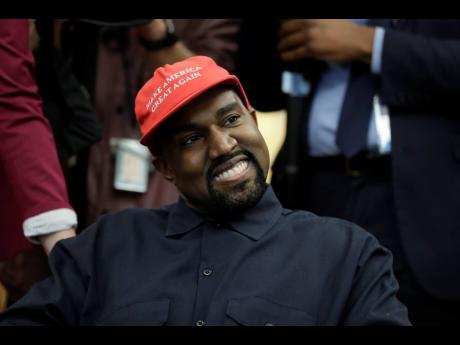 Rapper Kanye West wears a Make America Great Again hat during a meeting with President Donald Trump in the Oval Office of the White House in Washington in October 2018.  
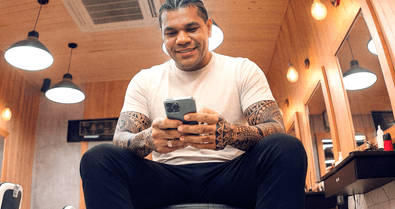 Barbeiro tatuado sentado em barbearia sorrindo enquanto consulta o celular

──────────────────────────────

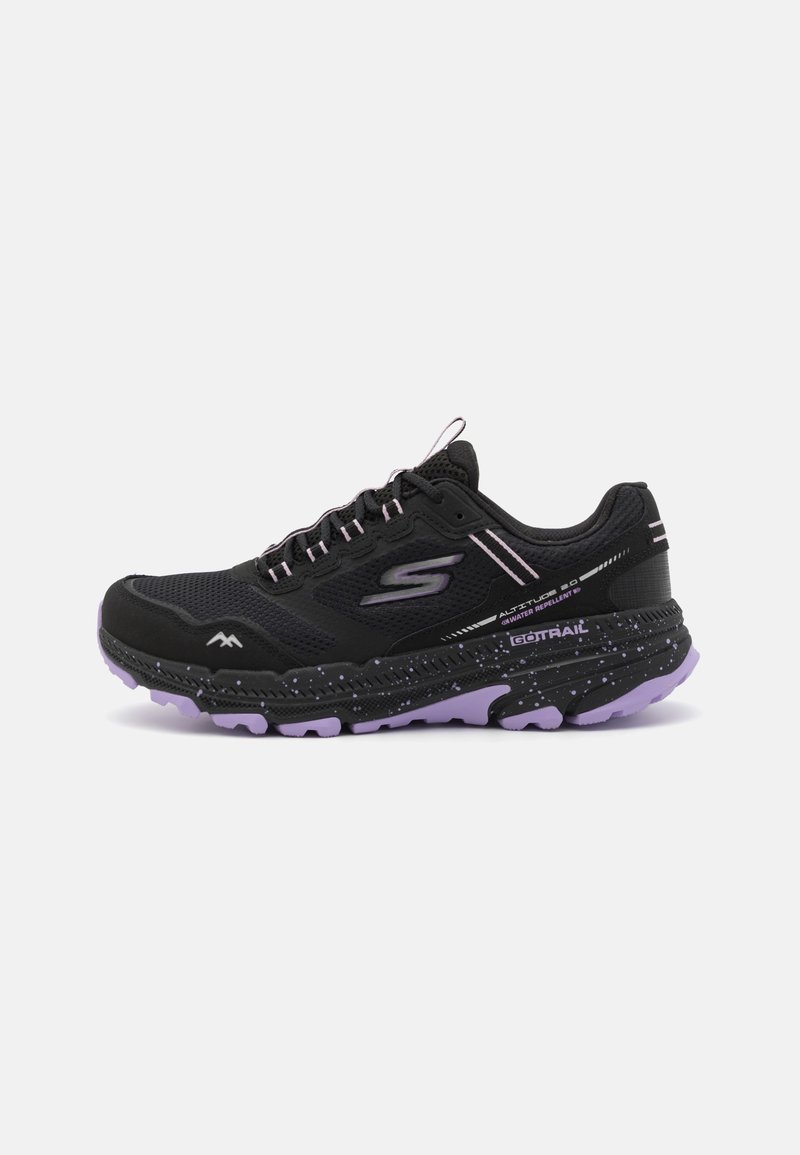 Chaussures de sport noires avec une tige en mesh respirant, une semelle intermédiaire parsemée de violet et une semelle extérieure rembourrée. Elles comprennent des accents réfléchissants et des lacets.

──────────────────────────────

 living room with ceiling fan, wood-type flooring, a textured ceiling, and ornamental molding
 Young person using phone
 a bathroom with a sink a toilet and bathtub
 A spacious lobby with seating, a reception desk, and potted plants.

──────────────────────────────

* TASK STATEMENT
Using the entries above, write out exactly the lines from the one with "Rapper Kanye West" through the one with "Barbeiro tatuado sentado", ends included. Leave out any pictures.

* ANSWER SPACE
 Rapper Kanye West wears a Make America Great Again hat during a meeting with President Donald Trump in the Oval Office of the White House in Washington in October 2018.  
 Barbeiro tatuado sentado em barbearia sorrindo enquanto consulta o celular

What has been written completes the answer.